Litany for Survival: The Life and Work of Audre Lorde

(Documentary)

Sundance Film Festival 1995 (World Premiere Documentary)–A Litany for Survival: The Life and Work of Audre Lorde celebrates a visionary woman, who in her life and literary work embodied the intersections among three social protest movements: the Civil Rights, the Women's, and the gay-lesbian. Lorde's charismatic personality and her importance as a dynamic force and role model for younger generations make for an informative and enlightening docu that should be broadcast on Public TV and other venues.

The daughter of Caribbean immigrants, Lorde was born and raised in Harlem, though she was always told by her parents that “home is somewhere else.” Indeed, after attending Catholic schools–and some “messy” years by her own admission–she left Harlem because it was “too provincial” for her.

Motivated by a strong urge for self-expression, Lorde began writing poetry in high school; her first published work made more money than what she earned in the next ten years. Her early lesbian love poems were a novel audacity because, as she says, “there was no space or need for them.”

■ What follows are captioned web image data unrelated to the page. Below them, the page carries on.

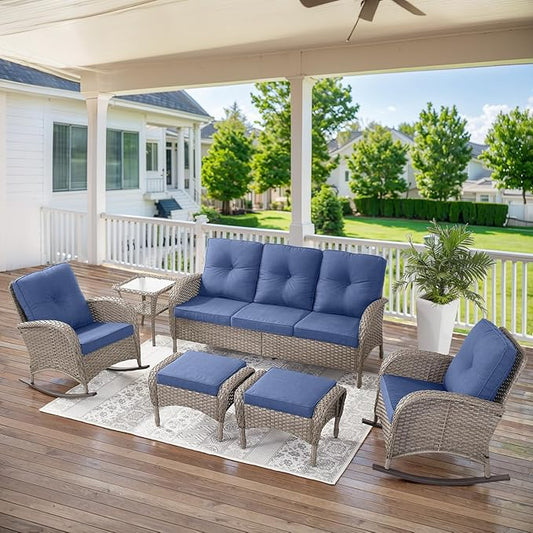 Belord 6 Pieces Patio Rocking Chairs Outdoor Furniture Set with Outdoor Couch and Ottoman Conversation Patio Furniture Set Perfect for Deck Sunroom Backyard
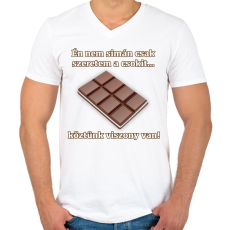 PRINTFASHION A csoki és én... - Férfi V-nyakú póló - Fehér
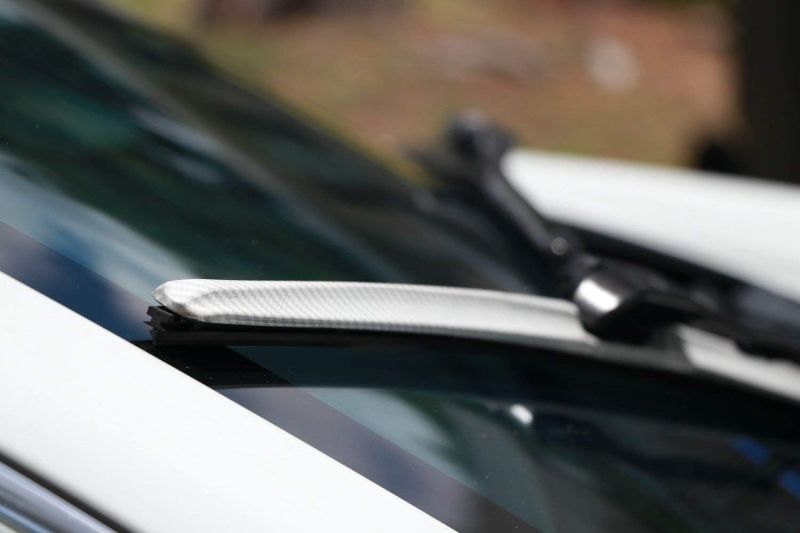 Photo 1 of Clix Wipers - White Carbon Fiber Automotive Wiper Blades - Universal Clip On Replacement Windshield-Wipers - All-Weather - Single Blade (14")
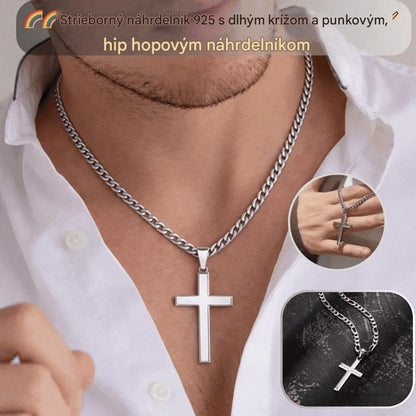 🌈🌈【Kúp jeden, druhý dostaneš zadarmo】Nový strieborný dlhý punkový náhrdelník, jedinečný hip hopový náhrdelník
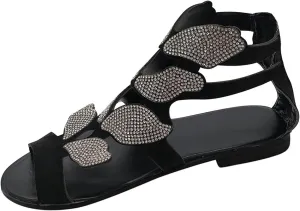 Women's Sandals Summer Crystal Women's Rhinestone Heel Fashion Ladies Casual Toe Low Open Shoes Sandals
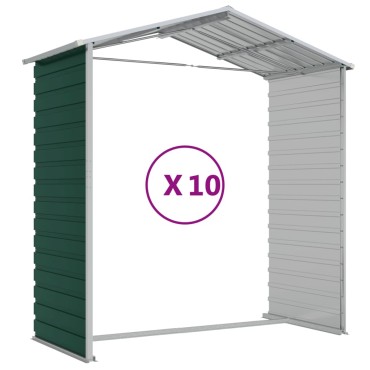 vidaXL Αποθήκη Κήπου Πράσινη 191x895x198 εκ. Γαλβανισμένο Ατσάλι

Lorde's lesbian friends were stunned when she got married–docu doesn't provide much info about her interracial marriage. But as expected, her children got an unconventional education. Says her son: “My mother provided us a list of things that were repugnant in society, but she also left us to our own devices.” Lorde's lifelong challenge was to establish a “working mind” that “learns the lessons of intense contradictions and makes reality pursuit of visions irresistible.”

Her political consciousness was formed in the l950s, during the McCarthy era and the Rosenbergs trial, but the event that changed her life was an invitation to teach at a Southern black college. Devoting her life to battling prejudice, she participated in many rallies and spoke on behalf of gay and lesbian rights at the twentieth anniversary commemoration of the l963 March on Washington.

Docu's greatest achievement is in illustrating the formation of a complex modern identity–from a mainstream perspective, Lorde was deviant par excellence, combining the contradictory roles of wife-mother, accomplished black poet, militant warrior of racism, outspoken lesbian and, at the end of her life, feisty cancer survivor.

Internationally recognized as a vital force in the women's movement, Lorde was also the first–and still one of the few–black writers to have published over a dozen volumes of poetry and essays. In l989, she won the American Book Award for “A Burst of Light,” a collection of essays on race, gender, and sexuality, and two years later became N.Y. State's designated poet.

Docu interweaves interesting archival footage, personal poetry, evocative music, and revealing conversations with her family, companions and friends. Extensive interviews with Lorde, conducted over the last years of her life, provide the core of the narrative, which is punctuated by recitations of her poetry.

In its last sequences, the film drags a bit, rehashing issues that have already been discussed. Nonetheless, A Litany for Survival exhibits the enchanting personality of an unusual woman, considered to be in some circles a counterpart to Malcolm X.

Credits

A Third World Newsreel production. Produced by Ada Gay Griffin. Directed by Griffin and Michelle Parkerson. Camera (color), Larry Banks, John Bentham, Michael Chin, Christine Choy, Crystal Arnette Griffith, Arthur Jafa, Herman Lew, Al Santana; editor, Holly Fisher; sound, Orinne J. T. Takagi. Reviewed at the Sundance Film festival, Jan. 20, l995. Running time: 90 min.